Which lines below include the string "Skoda"? Please show each one.

Start of DATA TO PROCESS

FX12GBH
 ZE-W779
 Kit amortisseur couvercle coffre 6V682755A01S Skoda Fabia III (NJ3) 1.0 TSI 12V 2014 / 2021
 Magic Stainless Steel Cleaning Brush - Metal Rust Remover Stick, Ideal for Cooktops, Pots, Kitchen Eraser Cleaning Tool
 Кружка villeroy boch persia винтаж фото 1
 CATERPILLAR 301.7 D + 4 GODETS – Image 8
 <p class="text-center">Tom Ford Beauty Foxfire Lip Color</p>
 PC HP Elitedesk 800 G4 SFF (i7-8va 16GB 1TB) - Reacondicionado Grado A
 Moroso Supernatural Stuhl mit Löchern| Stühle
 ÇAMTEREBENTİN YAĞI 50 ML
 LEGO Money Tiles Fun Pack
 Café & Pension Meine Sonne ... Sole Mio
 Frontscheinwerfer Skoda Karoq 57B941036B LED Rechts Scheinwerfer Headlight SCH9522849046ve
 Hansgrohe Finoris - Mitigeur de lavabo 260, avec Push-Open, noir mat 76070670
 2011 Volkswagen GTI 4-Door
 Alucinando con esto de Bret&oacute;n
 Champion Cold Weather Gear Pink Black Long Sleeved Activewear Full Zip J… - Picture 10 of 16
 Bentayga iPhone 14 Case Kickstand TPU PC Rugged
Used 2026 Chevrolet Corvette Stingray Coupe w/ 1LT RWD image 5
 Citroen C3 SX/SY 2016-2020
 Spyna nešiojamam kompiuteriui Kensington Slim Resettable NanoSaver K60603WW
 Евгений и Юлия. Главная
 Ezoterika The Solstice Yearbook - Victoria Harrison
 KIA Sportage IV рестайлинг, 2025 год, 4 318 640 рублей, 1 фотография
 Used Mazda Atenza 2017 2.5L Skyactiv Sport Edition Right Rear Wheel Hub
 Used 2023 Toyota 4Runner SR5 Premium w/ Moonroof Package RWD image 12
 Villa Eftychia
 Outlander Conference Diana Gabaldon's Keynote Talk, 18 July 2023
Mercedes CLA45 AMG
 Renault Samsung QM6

End of DATA TO PROCESS

[RESULT OF THIS TASK]:
 Kit amortisseur couvercle coffre 6V682755A01S Skoda Fabia III (NJ3) 1.0 TSI 12V 2014 / 2021
 Frontscheinwerfer Skoda Karoq 57B941036B LED Rechts Scheinwerfer Headlight SCH9522849046ve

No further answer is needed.